You may not think much about your home’s energy efficiency, but doing so can have significant benefits for your wallet and the environment. At the same time, making your home more energy efficient can be an expensive and confusing process. Our goal is to make home energy upgrades easier for residents living in the Central and North Coast of British Columbia. We’re working with local and regional governments to find the most effective ways to improve energy efficiency in homes and reduce energy consumption and costs, pinpointing the major stumbling blocks and proposing actions to address these hurdles.
Ecotrust Canada has been collaborating on a study with the City of Prince Rupert as part of our work to equip communities with data and recommendations to support energy-efficient home renovations. The study includes a home archetype analysis, where we analyzed the energy consumption of different types of homes in the area and identified the most effective ways to save energy and costs in each one. We found that electric air source heat pumps are the upgrade option with the highest potential for energy and cost savings in many Prince Rupert homes. The upgrades will be paid off by cost savings between two to nine years, reducing energy expenses by over $1,000-$2,000+ per year (along with impressive potential emissions reductions) for those switching from gas. Insulation tends to be a cost-effective investment as well, and window upgrades may be worthwhile in some scenarios.
As an example of an average Prince Rupert home, the table below shows the estimated costs and savings from an upgrade to an air-source heat pump, attic and foundation wall insulation, and air sealing.

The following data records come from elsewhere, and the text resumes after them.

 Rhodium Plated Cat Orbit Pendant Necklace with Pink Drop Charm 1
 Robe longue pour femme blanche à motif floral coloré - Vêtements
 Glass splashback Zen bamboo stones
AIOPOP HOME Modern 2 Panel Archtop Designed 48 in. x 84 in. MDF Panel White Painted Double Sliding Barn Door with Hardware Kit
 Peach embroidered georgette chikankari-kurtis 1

Of course, actual results differ by home and depend on a variety of factors.
The study also involved gathering input from many members of the community, including a household survey, in-person interviews with over 20 representatives from different groups and organizations, and speaking directly with community members at Seafest to gather input, to ensure a variety of perspectives were considered.

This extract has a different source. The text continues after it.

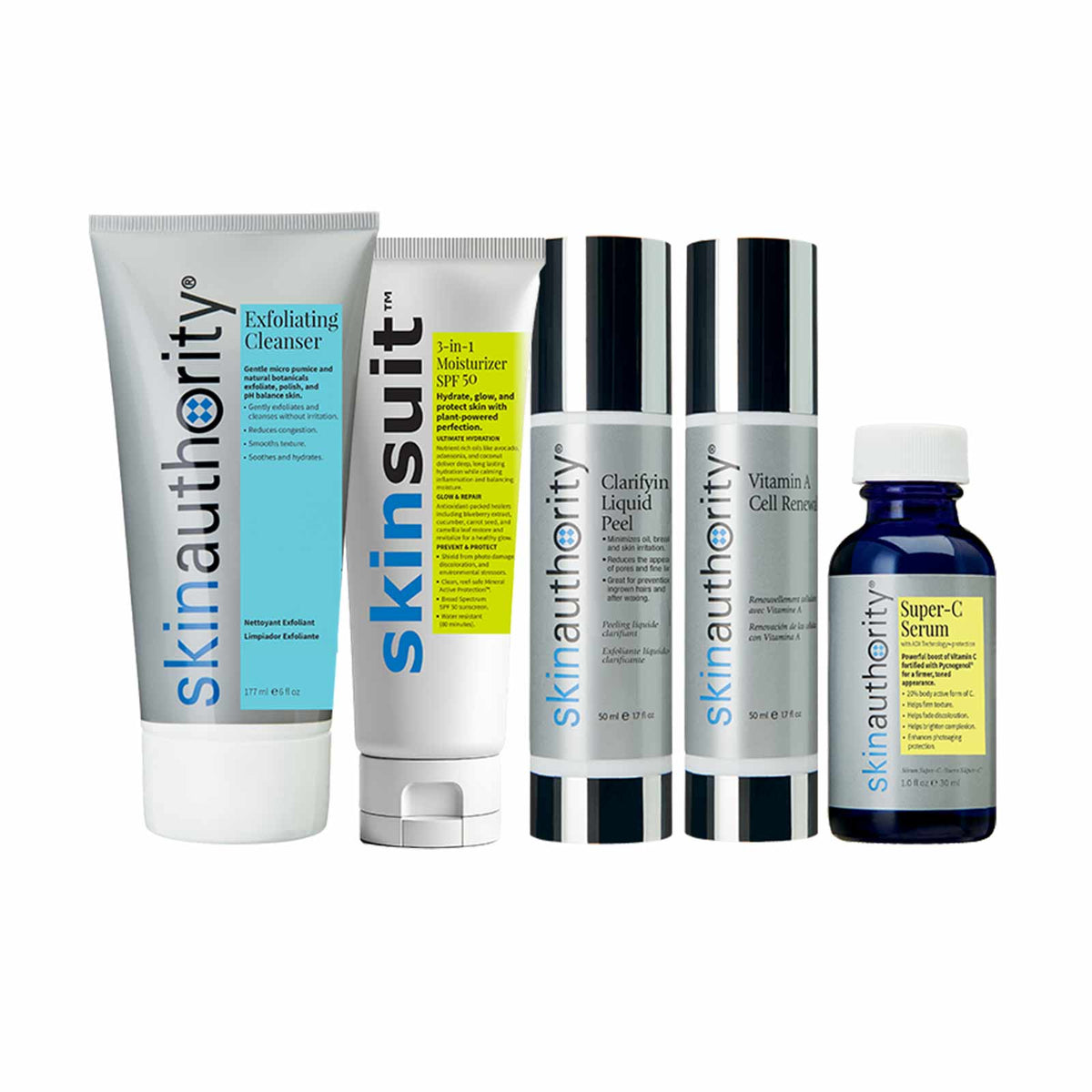 Collection of Skin Authority skincare products on a white background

We heard that energy and upgrade costs are a significant concern for many residents, with over half of survey respondents finding their costs unaffordable. Engagement also revealed several barriers to energy efficiency improvements, including many people not having heard of some or any of the available rebate programs and upgrade options, the high up-front cost of upgrades, difficulties finding reliable contractors, and navigating the complexity of the upgrade process.
Multiple residents recounted challenges getting the home energy evaluation required to access federal rebates (or not knowing this needed to be done before and after the upgrade), but the good news is there is now an Energy Advisor based in Prince Rupert. Many were not aware of provincial supports, including the $9,000 northern top-up offer, which applies in Prince Rupert for upgrading from gas to an electric heat pump, or the Income-Qualified Program available for lower-income households.

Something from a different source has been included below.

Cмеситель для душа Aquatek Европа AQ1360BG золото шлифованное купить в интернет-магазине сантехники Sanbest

Based on our findings, initiatives to improve home energy efficiency in Prince Rupert could include providing education and outreach to residents on the benefits of energy efficiency and the available incentives and programs, offering individual guidance to households, and collaborating with businesses in the industry on training. The potential impacts in terms of monetary and energy savings, as well as benefits to health, housing, and the local economy, are impressive. The study, which will be published online in late September, provides information and strategic recommendations that create a foundation for practical on-the-ground work that can help reduce energy consumption and carbon emissions in Prince Rupert.
 Technical upgrade details for the table: 78% efficient gas furnace or electric baseboard to ASHP, HSPF 10 SEER 20. Attic R28 to R50. Foundation wall R0 to R20. Air sealing 4.01 to 3.61 ACH50.